Hebrew at Ohef Sholom for children and adults

August 10, 2019

What’s Happening

Every language enables a way of thinking. The language that thinks Jewishly is Hebrew and Ohef Sholom Temple offers myriad opportunities to explore and learn with Hebrew classes for adults and children beginning next month.

The adult classes aim to make the prayer book come alive with meaning. Dates and times will be posted soon on the temple’s website OhefSholom.org.

Hebrew classes for children are designed to enable them to think with words which Hebrew uses as core to awareness. For example, children will learn that Shalom does not mean Peace—Peace, that core Latin value meaning nobody questions authority and everybody stays calm in their place. Shalom is rooted not in pacifism, but in Completion, Fulfillment, Come-true-ness, the goal of all best questions, struggles, and inventive new efforts.

Because English rose out of pagan dialects and the Latin Mass and evolved as a vehicle for Anglican worship, it has its own way of shaping thought. It has plenty of words for Christian concepts of faith, sin and salvation, but no words equivalent to core Jewish concepts such as Tzedakah, Ahavah, Emunah, and Brachah. In addition, Hebrew verb tenses shape the perception of time Jewishly; the sentence structure emphasizes action. It is the language of Jewish thinking.

Ohef Sholom is adopting a new Hebrew curriculum this fall, expanding to include more grades, and to individualize instruction. Using the Mitkadem system, created and extensively tested by the Union of Reform Judaism, youngsters who want to know more can move ahead at their own best pace. Meanwhile, students with schedule challenges, different learning styles or special needs, will get the help and time they require.

On staff at the 175-year-old Reform synagogue is a certified special education teacher who assesses and mentors students who have challenges and helps other faculty members to adapt their curriculum for success.

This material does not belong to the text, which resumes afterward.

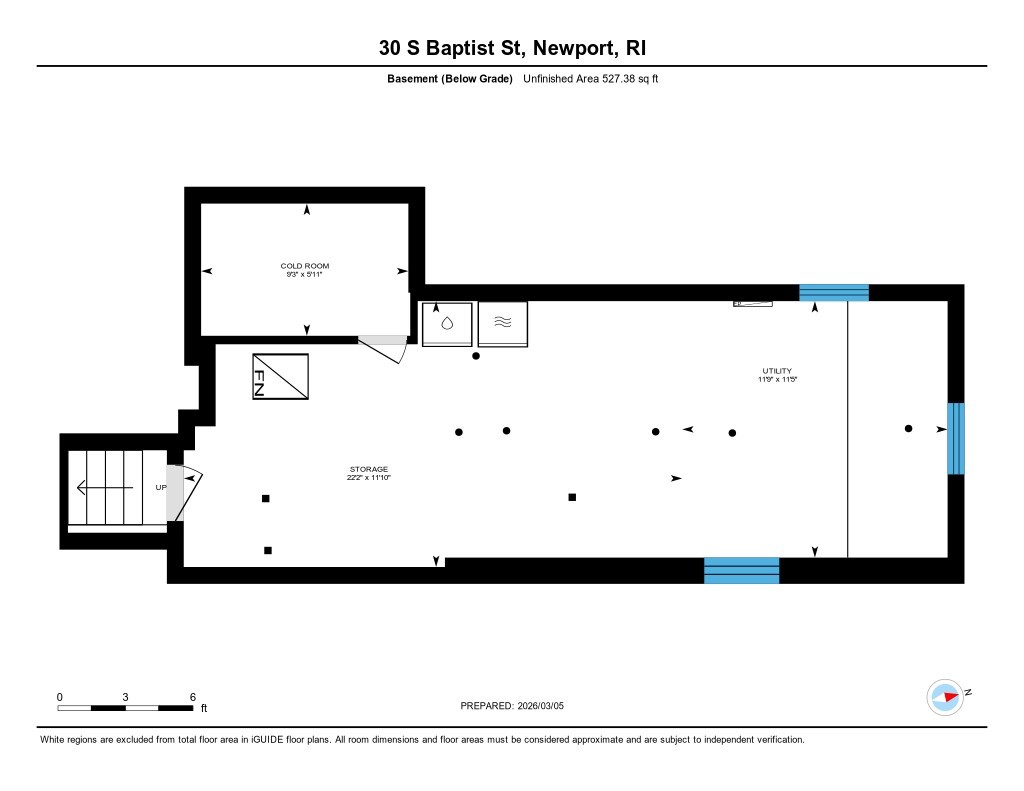 30 South Baptist Street Newport, RI 02840 - Photo 32 of 32 Lower Level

Overseeing the implementation of this program is Kathryn Morton, who brings 30 years of Hebrew teaching experience. Morton retired in 2011 from five years as principal of the United Hebrew School, and in 2014 from 16 years as director of education for Temple Israel. Retirement did not last for her and she has been teaching Introduction to Judaism for Ohef Sholom and classes of Hebrew and Judaic studies to their middle school-age children for several years.